En mi juventud de recién casado recuerdo una experiencia inexplicable. Resulta que en nuestro pequeño grupo de amigos circulaba una mujer bellísimia deseada por todos. Yo, que era una excepción en este denso mundo del deso, no le encontraba el punto y no me parecía tan tan. Hasta que un día, después de una buena fumada, vi su perfil corporal, provocativamente tumbada en un sofá, reflejado en la pared como una sombre chinesca producida por una lamparita que protegía nustro trip del deslumbramiento. Y esa sombra me hizo sentir lo que la realidad en tres dimensiones y en colores me había dejado frío.

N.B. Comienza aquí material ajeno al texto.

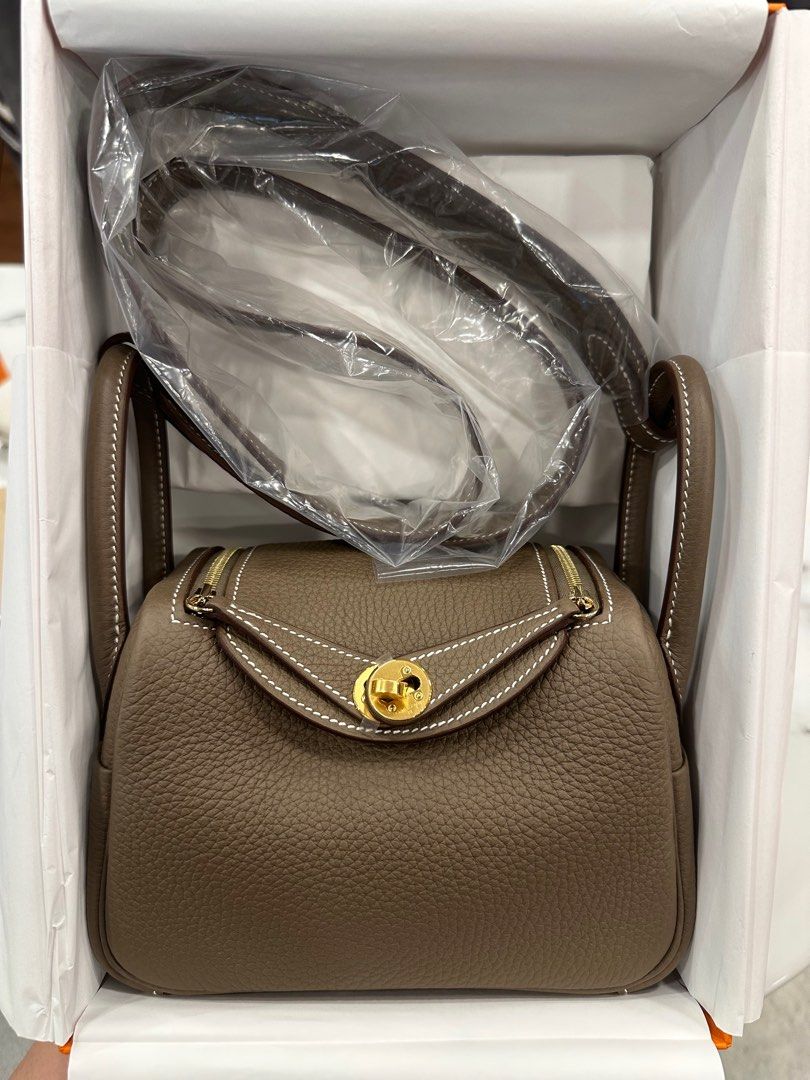 Hermes Lindy bag mini Menthe Clemence leather Silver hardware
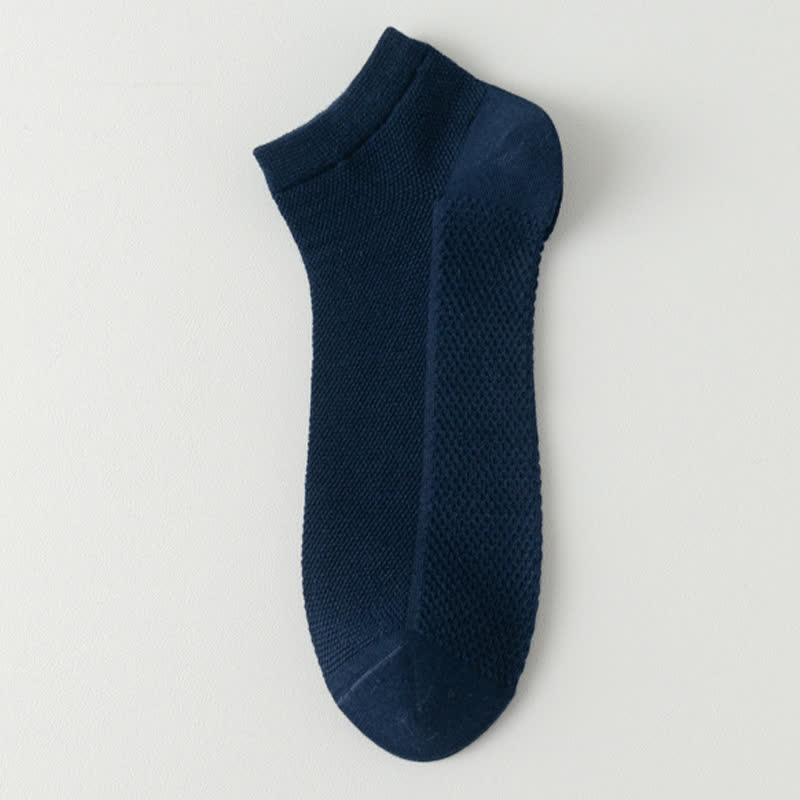 Mesh Breathable Thin Solid Color Ankle Socks(8 Pairs) - Navy Blue - EU39-44(US6-10) - image 15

Viene esto a cuento porque en el estreno de El Diario de Ana Frank. Un canto a la vida, he llorado. Y nunca lo había hecho ni leyendo sobre el holocausto ni viendo películas sobre la crueldad del nazismo. Esto último me hizo pensar que el ejemplo de las sombras chinescas era sorprendente puesto que esas otras sombras chinescas que son los fotogramas tampoco removían mis sentimientos.
Me pregunto ¿hay algo que los remueve en la dirección del llanto, no en la de la ira o las ganas de matar? Pues resulta que sí lo hay y está donde no espeaba encontrarlo: en un musical.
El holocausto siempre ha sido para mí un problema intelectual y no he derramado una lágrima hasta el musical del Diario de Ana Frank ¿ Cómo es posible?
Creo que el secreto está en la magia de la performance en vivo y en el mimetismo que propicia. Lloro porque veo a los actores llorar de emoción en el alegato final. Dios salve a los cómicos que consiguen abrir la espita de mis lágrimas.